The tight grip of oligarchy upon the American political system slipped a little last night in New Hampshire.
On the Democratic side, voters cast their ballots for one of the most implausible candidates in modern presidential history—less because his rhetoric was so mesmerizing or his program so inspiring than as a protest against an expected winner perceived as a lavishly compensated servitor of organized wealth.

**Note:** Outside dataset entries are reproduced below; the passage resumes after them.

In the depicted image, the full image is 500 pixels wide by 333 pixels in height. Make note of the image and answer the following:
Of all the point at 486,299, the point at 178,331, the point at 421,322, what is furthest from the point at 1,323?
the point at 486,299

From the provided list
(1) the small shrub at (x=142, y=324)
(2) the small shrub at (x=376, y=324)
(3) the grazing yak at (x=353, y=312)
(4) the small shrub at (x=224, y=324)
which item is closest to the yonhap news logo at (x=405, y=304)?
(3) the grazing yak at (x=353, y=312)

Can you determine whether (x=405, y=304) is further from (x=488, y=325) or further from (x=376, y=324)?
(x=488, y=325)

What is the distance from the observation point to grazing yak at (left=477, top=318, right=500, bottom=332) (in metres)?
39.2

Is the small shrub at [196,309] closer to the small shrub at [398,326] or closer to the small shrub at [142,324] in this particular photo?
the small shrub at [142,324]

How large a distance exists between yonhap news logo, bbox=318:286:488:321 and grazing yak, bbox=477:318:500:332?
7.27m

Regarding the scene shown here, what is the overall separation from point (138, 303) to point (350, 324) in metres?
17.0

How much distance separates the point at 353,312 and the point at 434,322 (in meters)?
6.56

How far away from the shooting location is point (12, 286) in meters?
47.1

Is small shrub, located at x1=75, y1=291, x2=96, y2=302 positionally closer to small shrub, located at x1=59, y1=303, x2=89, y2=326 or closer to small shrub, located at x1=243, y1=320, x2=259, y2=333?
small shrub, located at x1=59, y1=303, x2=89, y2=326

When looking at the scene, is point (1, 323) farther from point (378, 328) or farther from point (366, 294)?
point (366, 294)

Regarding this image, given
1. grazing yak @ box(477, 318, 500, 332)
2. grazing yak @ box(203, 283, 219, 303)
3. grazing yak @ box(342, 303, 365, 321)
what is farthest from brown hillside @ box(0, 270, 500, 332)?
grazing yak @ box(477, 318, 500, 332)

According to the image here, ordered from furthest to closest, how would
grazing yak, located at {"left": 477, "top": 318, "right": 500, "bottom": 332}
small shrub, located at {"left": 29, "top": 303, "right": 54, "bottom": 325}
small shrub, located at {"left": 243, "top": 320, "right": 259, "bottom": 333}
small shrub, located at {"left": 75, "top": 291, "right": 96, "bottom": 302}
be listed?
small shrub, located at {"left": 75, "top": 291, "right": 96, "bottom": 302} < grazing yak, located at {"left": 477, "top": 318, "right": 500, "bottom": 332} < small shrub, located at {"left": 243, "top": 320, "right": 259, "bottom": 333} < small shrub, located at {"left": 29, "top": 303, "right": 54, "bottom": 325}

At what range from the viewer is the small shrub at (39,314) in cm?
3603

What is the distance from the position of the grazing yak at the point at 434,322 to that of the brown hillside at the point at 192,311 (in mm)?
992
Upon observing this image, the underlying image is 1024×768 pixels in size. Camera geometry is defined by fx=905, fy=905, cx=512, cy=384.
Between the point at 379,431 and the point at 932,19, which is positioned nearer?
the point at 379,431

In her concession speech, Hillary Clinton boasted of her small donors. More than 70 percent had given less than $100, she claimed: “I know that doesn’t fit with the narrative.” As Ken Vogel of Politico immediately tweeted, the claim also distorts the facts. Clinton may have a lot of donors, but the bulk of the value of her donations—85 percent—has come from the biggest givers. And her family’s personal wealth, and its foundation’s assets, can also be seen as built on the largesse of banks, corporations, and foreign governments.
The Clintons’ method has always been to dismiss allegations as “old news” or “distractions” that do not matter to voters. They present themselves as “fighters for you” while they and their senior staff are simultaneously paid by somebody else. The important thing, after all, is to elect a woman at last! And there’s a special place in hell reserved for anyone, especially any fellow woman, who thinks that the character and integrity of the particular woman may matter more than her ambition or last name.

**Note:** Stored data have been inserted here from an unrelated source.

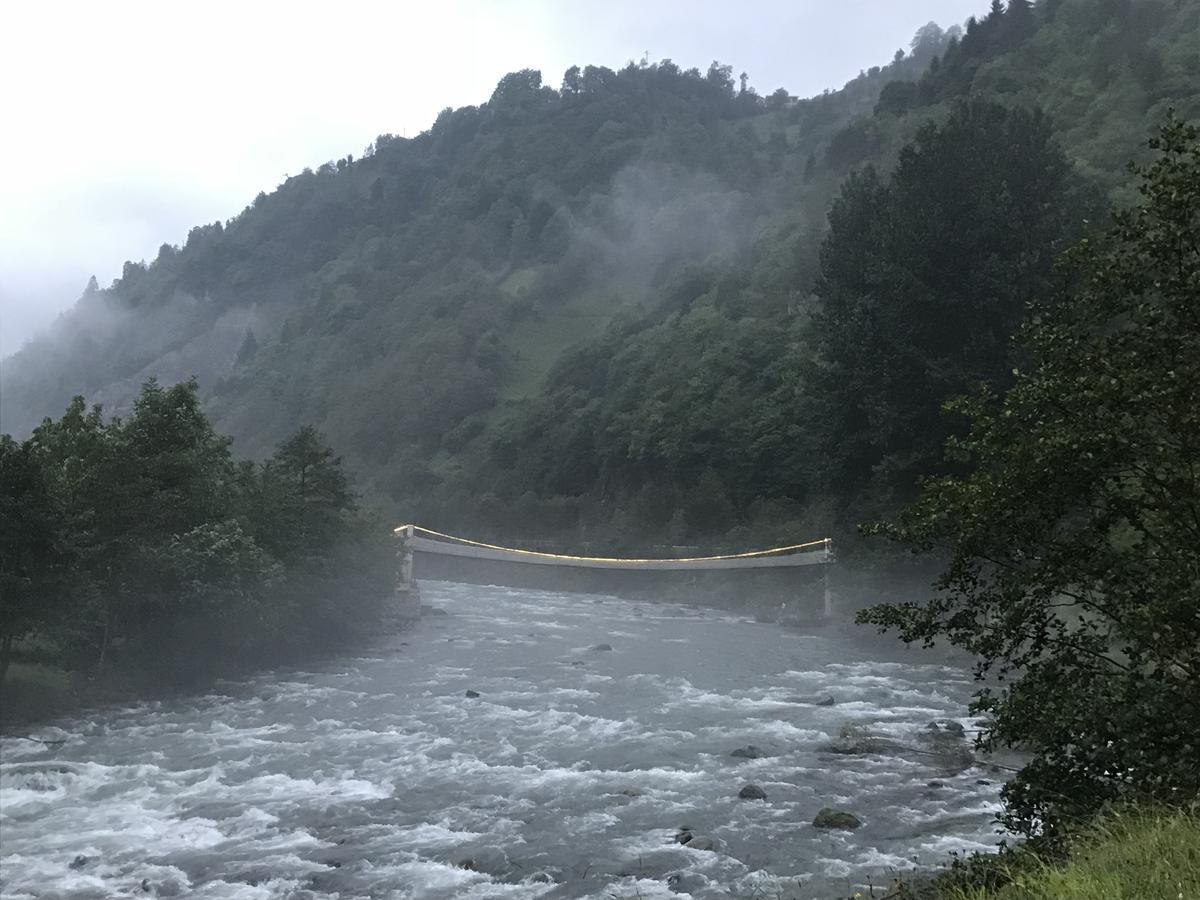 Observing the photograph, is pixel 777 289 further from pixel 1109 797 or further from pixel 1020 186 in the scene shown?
pixel 1109 797

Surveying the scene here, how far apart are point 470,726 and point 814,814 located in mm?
13044

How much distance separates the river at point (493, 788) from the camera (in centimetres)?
1758

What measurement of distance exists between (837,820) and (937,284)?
122ft

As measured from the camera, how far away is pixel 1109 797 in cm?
1023

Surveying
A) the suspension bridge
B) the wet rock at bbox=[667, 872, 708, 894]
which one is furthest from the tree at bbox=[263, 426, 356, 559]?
the wet rock at bbox=[667, 872, 708, 894]

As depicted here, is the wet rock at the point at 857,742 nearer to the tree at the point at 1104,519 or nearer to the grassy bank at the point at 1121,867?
the tree at the point at 1104,519

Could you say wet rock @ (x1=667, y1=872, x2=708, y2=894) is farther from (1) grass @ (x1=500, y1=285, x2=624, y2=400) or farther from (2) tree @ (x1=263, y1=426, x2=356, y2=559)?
(1) grass @ (x1=500, y1=285, x2=624, y2=400)

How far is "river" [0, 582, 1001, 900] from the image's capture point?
692 inches

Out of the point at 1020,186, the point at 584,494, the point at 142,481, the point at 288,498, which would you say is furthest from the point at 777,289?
the point at 142,481

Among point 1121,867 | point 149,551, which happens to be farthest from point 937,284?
point 1121,867

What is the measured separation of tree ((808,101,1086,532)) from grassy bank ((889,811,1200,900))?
131ft

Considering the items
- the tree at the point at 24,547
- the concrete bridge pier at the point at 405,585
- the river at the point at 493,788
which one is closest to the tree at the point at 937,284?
the river at the point at 493,788

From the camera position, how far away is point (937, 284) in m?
50.3

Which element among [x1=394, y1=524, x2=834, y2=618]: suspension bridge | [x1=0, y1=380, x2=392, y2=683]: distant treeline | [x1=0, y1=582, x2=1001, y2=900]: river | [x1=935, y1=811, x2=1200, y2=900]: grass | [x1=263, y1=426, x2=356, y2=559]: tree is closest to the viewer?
[x1=935, y1=811, x2=1200, y2=900]: grass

Women and men in New Hampshire rejected that argument, along with the coy secretiveness that produced an evasive promise to “look into” the release of speech transcripts contractually owned by Hillary Clinton herself, and that led her to store sensitive public email on a privately owned server. Sometimes the only way to bring sunshine into a locked bunker is by smashing the roof in—and that’s what the voters of New Hampshire did last night.
On the Republican side, the upset was, if possible, even more stunning. For 20 years and more, Republican presidential contests have operated as a policy cartel. Concerns that animate actual Republican voters—declining middle-class wages, immigration, retirement security—have been tacitly ruled out of bounds. Concerns that excite Republican donors—tax cuts, entitlement reforms—have been more-or-less unanimously accepted by all plausible candidates. Candidates competed on their life stories, on their networks of friends, and on their degree of religious commitment—but none who aspired to run a national campaign deviated much from the economic platform of the Wall Street Journal and the Club for Growth.

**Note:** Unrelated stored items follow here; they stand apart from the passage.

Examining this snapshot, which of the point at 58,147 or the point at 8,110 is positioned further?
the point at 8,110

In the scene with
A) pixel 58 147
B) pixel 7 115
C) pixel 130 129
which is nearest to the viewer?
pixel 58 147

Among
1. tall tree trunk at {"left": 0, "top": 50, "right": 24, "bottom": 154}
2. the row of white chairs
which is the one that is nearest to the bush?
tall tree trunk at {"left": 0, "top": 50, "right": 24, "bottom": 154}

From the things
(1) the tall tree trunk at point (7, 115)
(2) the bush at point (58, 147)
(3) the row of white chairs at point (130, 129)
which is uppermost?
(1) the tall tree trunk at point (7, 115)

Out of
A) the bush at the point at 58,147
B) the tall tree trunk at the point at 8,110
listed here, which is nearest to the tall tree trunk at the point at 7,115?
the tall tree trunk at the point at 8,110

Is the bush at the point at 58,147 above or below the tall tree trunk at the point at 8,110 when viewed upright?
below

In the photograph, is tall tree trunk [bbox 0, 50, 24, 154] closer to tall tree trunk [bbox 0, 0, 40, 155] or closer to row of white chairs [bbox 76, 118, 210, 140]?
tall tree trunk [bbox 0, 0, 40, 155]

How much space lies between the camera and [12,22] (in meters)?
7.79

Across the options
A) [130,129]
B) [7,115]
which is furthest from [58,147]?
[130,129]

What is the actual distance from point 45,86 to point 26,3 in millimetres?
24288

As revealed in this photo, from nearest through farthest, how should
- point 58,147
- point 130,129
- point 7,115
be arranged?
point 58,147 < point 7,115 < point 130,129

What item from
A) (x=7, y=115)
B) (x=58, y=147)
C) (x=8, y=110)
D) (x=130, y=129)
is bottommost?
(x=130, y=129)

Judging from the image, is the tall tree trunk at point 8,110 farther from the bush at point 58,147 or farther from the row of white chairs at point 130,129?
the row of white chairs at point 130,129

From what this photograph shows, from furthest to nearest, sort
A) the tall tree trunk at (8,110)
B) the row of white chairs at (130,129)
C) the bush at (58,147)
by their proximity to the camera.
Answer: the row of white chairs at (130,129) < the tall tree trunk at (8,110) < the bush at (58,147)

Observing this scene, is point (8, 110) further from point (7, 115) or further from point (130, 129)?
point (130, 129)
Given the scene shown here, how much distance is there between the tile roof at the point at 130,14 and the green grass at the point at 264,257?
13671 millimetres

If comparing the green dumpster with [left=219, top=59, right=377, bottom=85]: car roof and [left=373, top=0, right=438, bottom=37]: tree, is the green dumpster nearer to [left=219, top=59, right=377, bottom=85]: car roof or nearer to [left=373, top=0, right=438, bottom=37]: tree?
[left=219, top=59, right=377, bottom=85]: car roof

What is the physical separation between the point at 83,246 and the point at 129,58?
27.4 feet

This year’s Republican contest, however, has proved a case study of Sigmund Freud’s “return of the repressed.” Republicans, it turns out, also worry about losing health care. They also want to preserve Social Security and Medicare in roughly their present form. They believe that immigration has costs, and that those costs are paid by people like them—even as its benefits flow to employers, investors, and foreigners. They know that their personal situation is deteriorating, and they interpret that to mean (as who wouldn’t?) that the country is declining, too. “Hope,” “growth,” “opportunity,” “choice”—those have long since dwindled to sinister euphemisms for “less,” “worse,” and “not for you.”
More than $110 million was invested in a single campaign to silence all those internal doubts. Between them, the so-called “establishment lane” candidates spent a combined $81.8 million of campaign and super PAC funds in New Hampshire alone. And what did it all buy? Everything that was supposed to be out is suddenly in. Everything that was supposed to be silenced is suddenly being said.
It may not last, not on either side. As Romney campaign manager Stuart Stevens likes to remind over-excited pundits, “the casino may not always win—but that’s the way to bet.” Very possibly the normal probabilities of politics—and the weight of money—will reassert themselves as the presidential campaigns broaden to national scale. But something that had been stuck was shaken ajar last night. Amid all the shocked headlines, the most important news of the night may be: For once, the system worked.